“If, in the first chapter, you say there is a gun hanging on the wall, you should make quite sure that it is going to be used further on in the story.”
- Anton Chekhov
Okay, first, let’s talk about AUDIENCE KNOWLEDGE.
There is available online a nice, albeit elemental, thesis on the Elements of Suspense, which focused on Alfred Hitchcock, and we are, of course, given the famous time bomb story. Hitchcock said:
“There is a clear difference between surprise and suspense […]. We are sitting here and having an innocent conversation. Let us assume that there is a bomb under this table between us. […] suddenly there is a loud boom and the bomb goes off. The audience is surprised, but before this surprise they have only seen a very ordinary scene without any significance. Let us instead look at a suspense scene. The bomb is under the table and the audience is aware of this because they have seen the anarchist plant it there. They also know that the bomb will go off at one o’clock, and up on the wall is a clock showing that the time is now quarter to one […]. In the first scene we have given the audience 15 seconds of surprise […] but in the last scene we have given them fifteen minutes of suspense.” (Truffaut 1973, p. 52-53)
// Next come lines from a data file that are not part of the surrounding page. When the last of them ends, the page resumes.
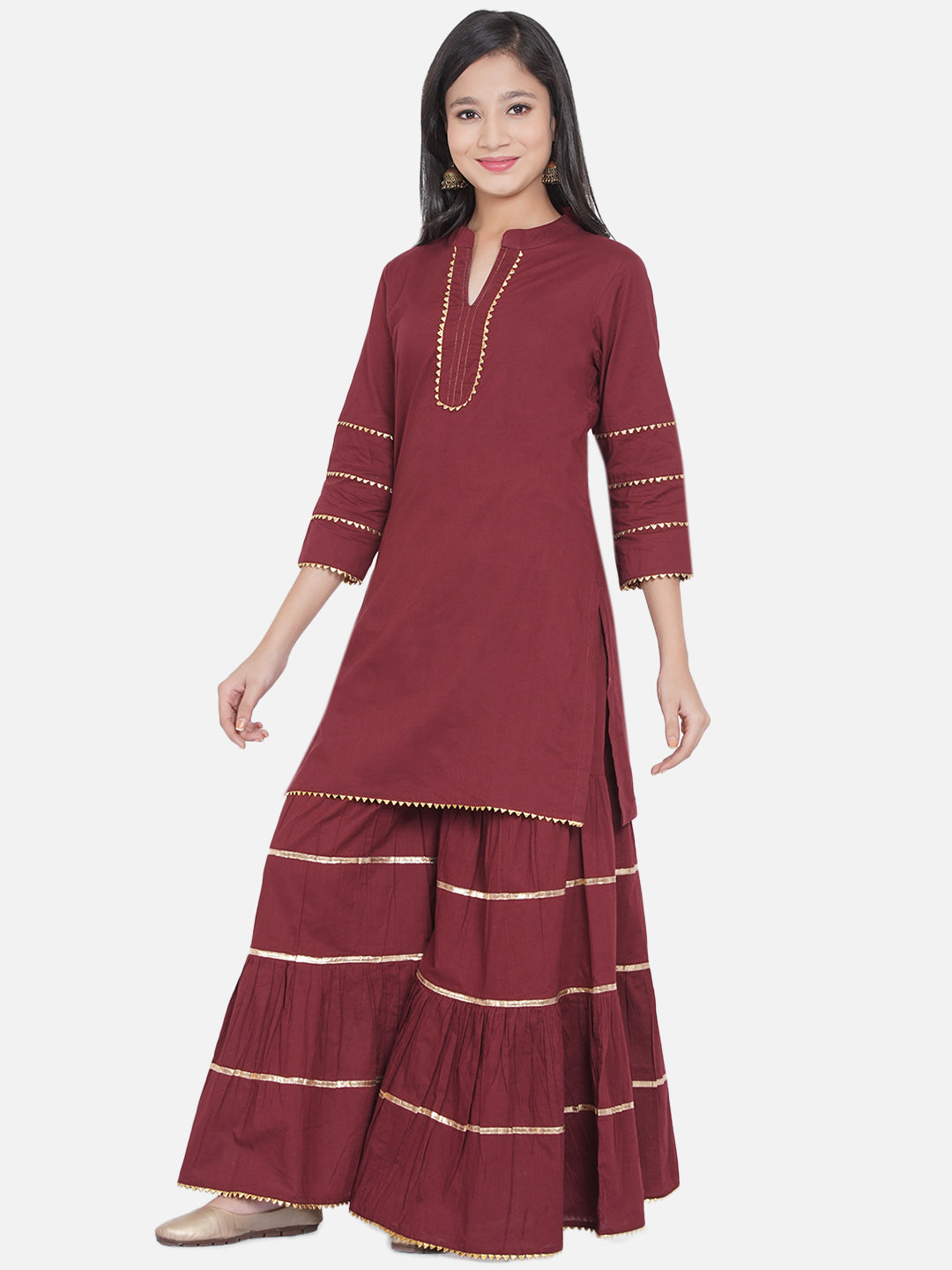 Girls Maroon Kurta With Sharara for Kids - Bhama - Distacart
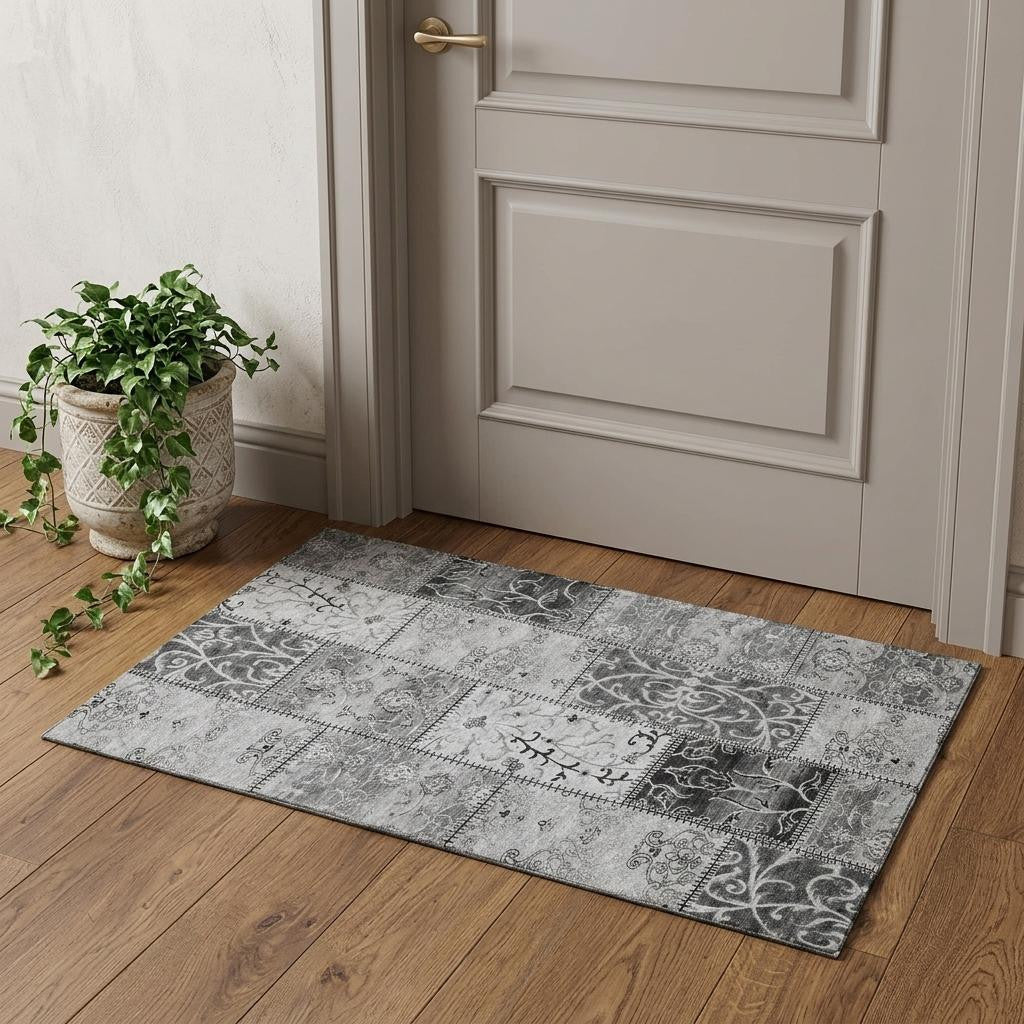 3 X 5 Gray And Ivory Patchwork Distressed Washable Area Rug With UV Protection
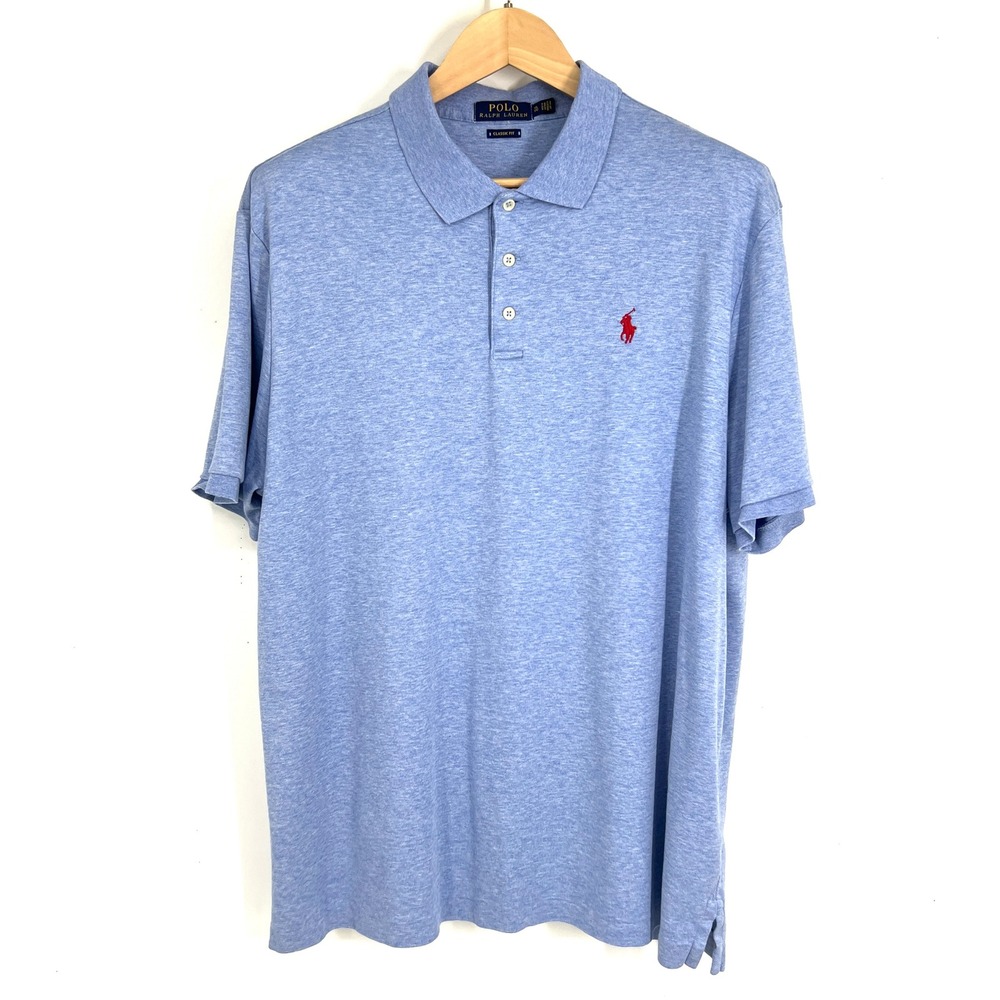 Polo Ralph Lauren Mens XL‎ Classic Fit Blue Heathered Cotton Polo Shirt Red Pony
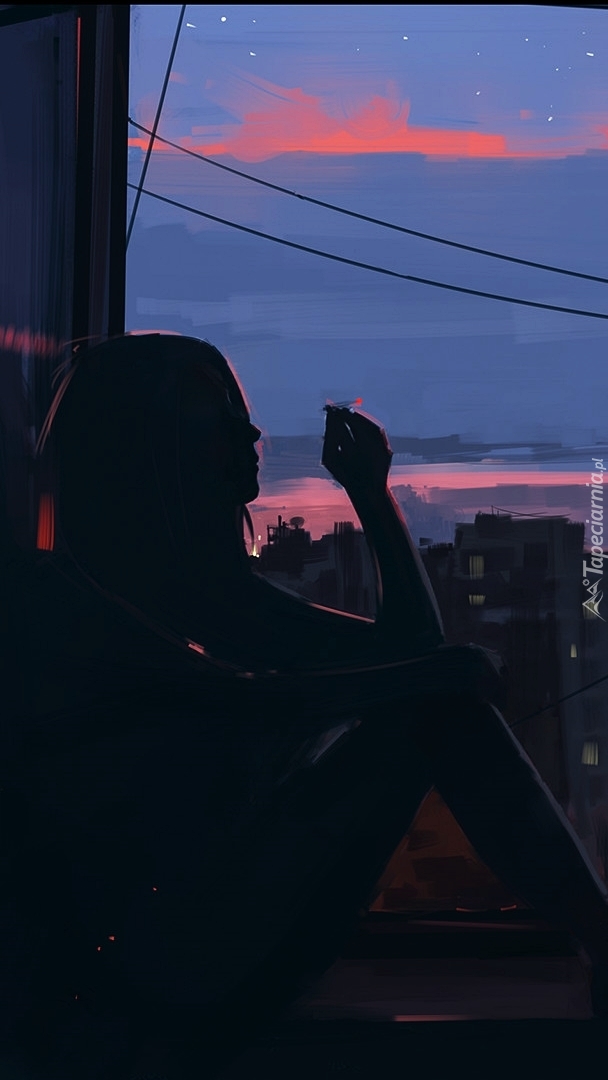 Dziewczyna paląca papierosa przy oknie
I would say there is a variety of elements in this one example alone that are crucial to making this scene work. You have here, first of all, audience knowledge, of knowing facts that the characters do not know, which creates tension because the audience is helpless. In this scenario, the characters are somewhat helpless, too, because they don’t know what’s about to happen. It’s all about how well you handle not only the characters but also basic plot information. A number of elements need to be setup: you have to set up the characters and make the audience care about them and hope they won’t die. You have to establish the anarchists, and the fact that they are out there destroying lives. You have to establish the time factor. And there is also the important element of expectations in order to heighten the tension, which Joshua James wrote about. By this, we mean showing earlier in your story something bad that’s happened and innocent people dying, so that you’ve established the possibility this bomb could, in fact, go off. This brings to mind David Bordwell’s article and what he called “Suspense as Morality, Probability, and Imagination.”
The most influential current theory of suspense in narrative is put forth by Noël Carroll. The original statement of it can be found in “Toward a Theory of Film Suspense” in his book Theorizing the Moving Image. Carroll proposes that suspense depends on our forming tacit questions about the story as it unfolds. Among other things, we ask how plausible certain outcomes are and how morally worthy they are. For Carroll, the reader or viewer feels suspense as a result of estimating, more or less intuitively, that the situation presents a morally undesirable outcome that is strongly probable.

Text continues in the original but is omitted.